What's wrong with this code?

X

xbyte

It's a problem from a book, and I can't figure it out.

4 words (4x8 bits) are packed into a 32-bit unsigned integer, and
you've gotta extract an indicated (by bytenum) word from it, AND the
following code is said to be written by a failed programmer:

int xbyte(unsigned word, int bytenum)
{
return (word >> (bytenum << 3)) & 0xFF;
}

IMHO, this is a perfect bulk of code, what's your opinion?
 
B

Ben Bacarisse

xbyte said:
It's a problem from a book, and I can't figure it out.

4 words (4x8 bits) are packed into a 32-bit unsigned integer, and
you've gotta extract an indicated (by bytenum) word from it, AND the
following code is said to be written by a failed programmer:

int xbyte(unsigned word, int bytenum)
{
return (word >> (bytenum << 3)) & 0xFF;
}

IMHO, this is a perfect bulk of code, what's your opinion?

Perfect is a strong word!
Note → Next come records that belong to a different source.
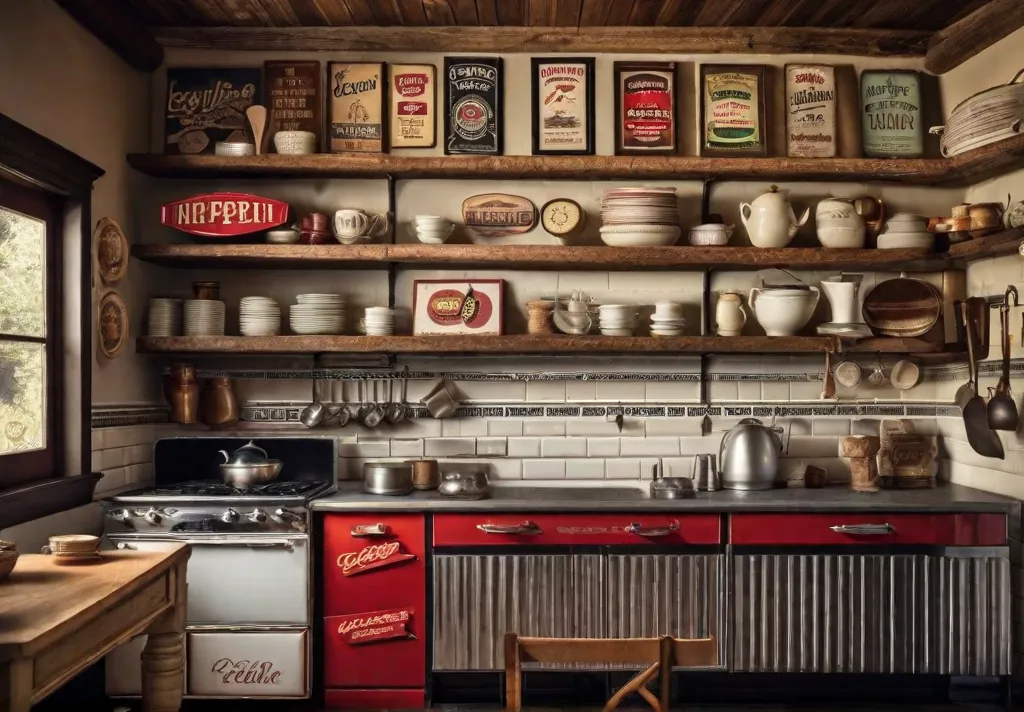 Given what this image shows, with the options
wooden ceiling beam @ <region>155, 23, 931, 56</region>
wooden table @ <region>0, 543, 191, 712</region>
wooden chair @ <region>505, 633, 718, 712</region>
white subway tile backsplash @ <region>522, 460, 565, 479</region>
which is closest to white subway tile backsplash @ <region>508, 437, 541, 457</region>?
white subway tile backsplash @ <region>522, 460, 565, 479</region>

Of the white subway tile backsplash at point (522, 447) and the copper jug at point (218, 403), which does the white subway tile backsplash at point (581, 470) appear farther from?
the copper jug at point (218, 403)

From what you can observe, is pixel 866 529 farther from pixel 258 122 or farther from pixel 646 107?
pixel 258 122

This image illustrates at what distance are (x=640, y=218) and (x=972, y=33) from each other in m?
1.75

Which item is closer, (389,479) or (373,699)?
(373,699)

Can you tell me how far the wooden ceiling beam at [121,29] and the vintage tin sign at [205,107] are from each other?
16cm

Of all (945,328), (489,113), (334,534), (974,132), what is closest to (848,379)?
(945,328)

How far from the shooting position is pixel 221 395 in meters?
4.15

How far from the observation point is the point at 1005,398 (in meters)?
3.59

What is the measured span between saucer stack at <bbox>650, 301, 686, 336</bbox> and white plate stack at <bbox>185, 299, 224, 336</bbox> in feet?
7.00

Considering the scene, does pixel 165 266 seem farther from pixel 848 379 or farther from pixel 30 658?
pixel 848 379

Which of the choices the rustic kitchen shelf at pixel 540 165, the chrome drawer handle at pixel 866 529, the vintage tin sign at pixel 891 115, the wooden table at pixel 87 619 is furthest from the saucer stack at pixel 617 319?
the wooden table at pixel 87 619

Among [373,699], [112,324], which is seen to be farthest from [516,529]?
[112,324]

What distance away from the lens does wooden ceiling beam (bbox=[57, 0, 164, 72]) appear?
11.3 ft

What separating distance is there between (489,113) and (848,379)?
2.25m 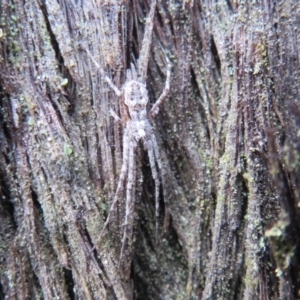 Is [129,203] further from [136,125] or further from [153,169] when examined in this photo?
[136,125]

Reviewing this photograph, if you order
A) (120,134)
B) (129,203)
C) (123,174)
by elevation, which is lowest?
(129,203)

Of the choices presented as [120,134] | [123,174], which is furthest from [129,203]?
[120,134]

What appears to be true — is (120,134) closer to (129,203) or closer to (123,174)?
(123,174)

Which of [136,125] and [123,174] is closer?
[123,174]

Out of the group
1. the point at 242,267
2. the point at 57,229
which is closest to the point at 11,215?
the point at 57,229

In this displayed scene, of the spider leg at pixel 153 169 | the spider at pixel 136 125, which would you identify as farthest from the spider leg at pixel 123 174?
the spider leg at pixel 153 169

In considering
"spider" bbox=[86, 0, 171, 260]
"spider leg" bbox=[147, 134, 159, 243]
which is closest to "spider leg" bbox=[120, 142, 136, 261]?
"spider" bbox=[86, 0, 171, 260]

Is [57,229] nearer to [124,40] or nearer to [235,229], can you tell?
[235,229]

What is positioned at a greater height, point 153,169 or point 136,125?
point 136,125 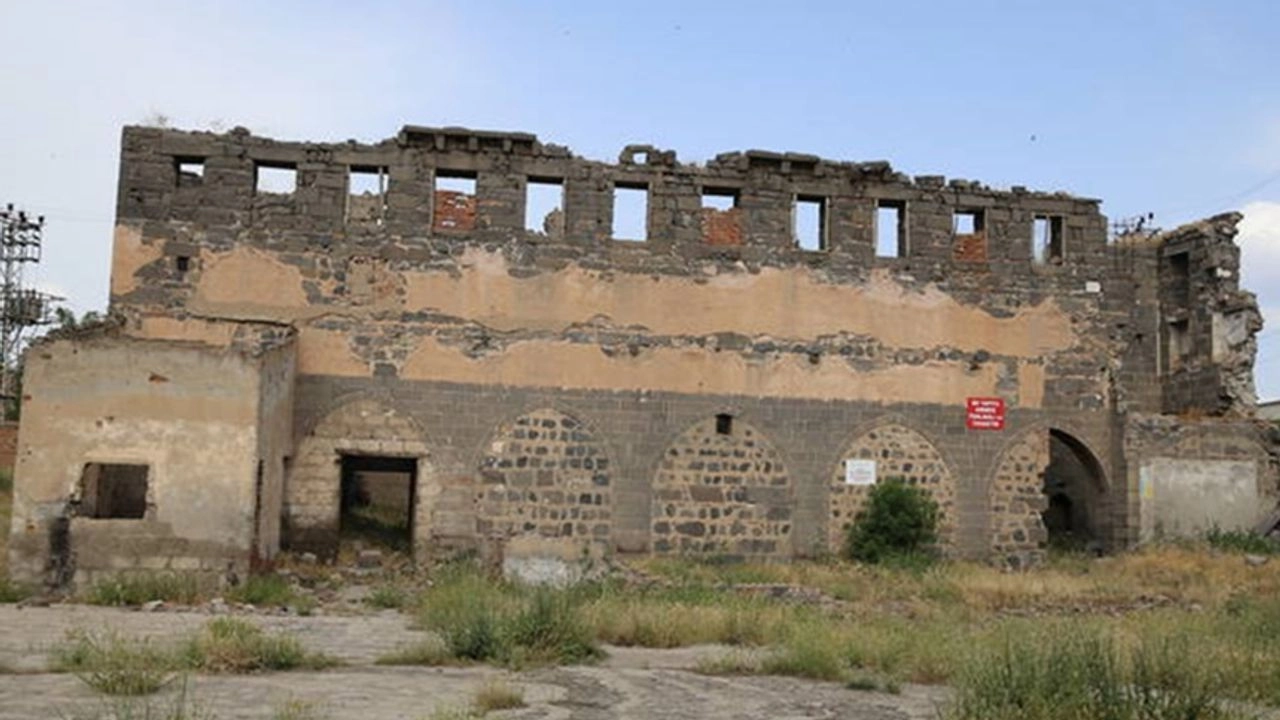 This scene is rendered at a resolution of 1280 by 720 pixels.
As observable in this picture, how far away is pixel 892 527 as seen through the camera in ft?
65.0

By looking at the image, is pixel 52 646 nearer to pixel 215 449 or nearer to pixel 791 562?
pixel 215 449

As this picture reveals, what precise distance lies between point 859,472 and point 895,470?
24.3 inches

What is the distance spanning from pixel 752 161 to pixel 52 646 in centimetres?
1297

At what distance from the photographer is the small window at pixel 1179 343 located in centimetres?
2597

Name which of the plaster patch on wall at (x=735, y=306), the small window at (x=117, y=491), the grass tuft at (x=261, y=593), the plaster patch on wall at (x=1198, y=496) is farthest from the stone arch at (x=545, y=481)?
the plaster patch on wall at (x=1198, y=496)

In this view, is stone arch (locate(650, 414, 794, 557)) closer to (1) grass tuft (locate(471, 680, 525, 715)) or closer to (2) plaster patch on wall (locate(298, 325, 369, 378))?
(2) plaster patch on wall (locate(298, 325, 369, 378))

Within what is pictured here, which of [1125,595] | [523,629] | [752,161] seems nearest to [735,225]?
[752,161]

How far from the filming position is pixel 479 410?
19.2 meters

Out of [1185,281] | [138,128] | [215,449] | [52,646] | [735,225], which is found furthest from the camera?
[1185,281]

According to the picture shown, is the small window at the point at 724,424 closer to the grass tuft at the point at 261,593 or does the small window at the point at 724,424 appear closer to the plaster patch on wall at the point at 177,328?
the grass tuft at the point at 261,593

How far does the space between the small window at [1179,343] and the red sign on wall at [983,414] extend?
7267 millimetres

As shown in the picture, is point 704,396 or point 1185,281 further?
point 1185,281

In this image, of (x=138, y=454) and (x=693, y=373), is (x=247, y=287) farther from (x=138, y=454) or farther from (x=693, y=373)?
(x=693, y=373)

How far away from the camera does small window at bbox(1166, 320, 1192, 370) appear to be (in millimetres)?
25969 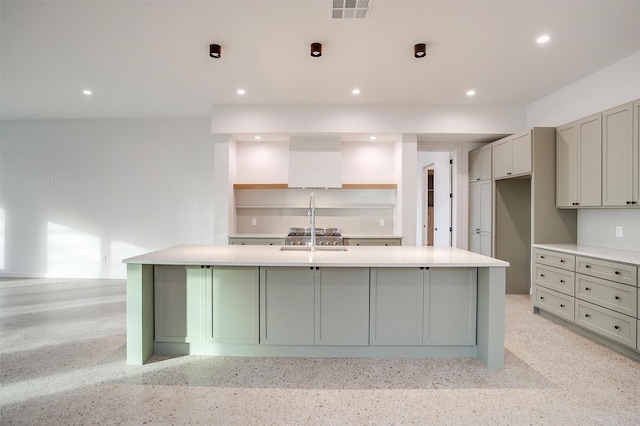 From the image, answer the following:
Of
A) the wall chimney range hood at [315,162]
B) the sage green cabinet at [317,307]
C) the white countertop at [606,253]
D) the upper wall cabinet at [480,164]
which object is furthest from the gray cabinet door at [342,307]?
the upper wall cabinet at [480,164]

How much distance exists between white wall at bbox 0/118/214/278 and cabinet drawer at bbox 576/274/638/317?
5201 mm

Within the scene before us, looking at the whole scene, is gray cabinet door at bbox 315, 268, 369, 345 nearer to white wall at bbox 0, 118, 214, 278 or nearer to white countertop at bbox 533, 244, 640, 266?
white countertop at bbox 533, 244, 640, 266

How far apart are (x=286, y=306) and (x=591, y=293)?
291cm

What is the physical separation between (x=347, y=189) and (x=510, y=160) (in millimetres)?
2412

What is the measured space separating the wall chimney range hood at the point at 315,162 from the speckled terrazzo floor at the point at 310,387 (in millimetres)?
2979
I'd say it captures the gist of the
problem but it is not portable and will exhibit undefined behaviour
is some cases.

Unsigned types are a natural choice when doing bit operations, so I'd
prefer an unsigned return type (unless the integer return is used to
signal an error using a negative value).

The bytenum can not be negative, so why not make that unsigned? In
any case, undefined behaviour awaits if bytenum is out of range.

Personally, I prefer '* 8' to '<< 3' when multiplying by 8.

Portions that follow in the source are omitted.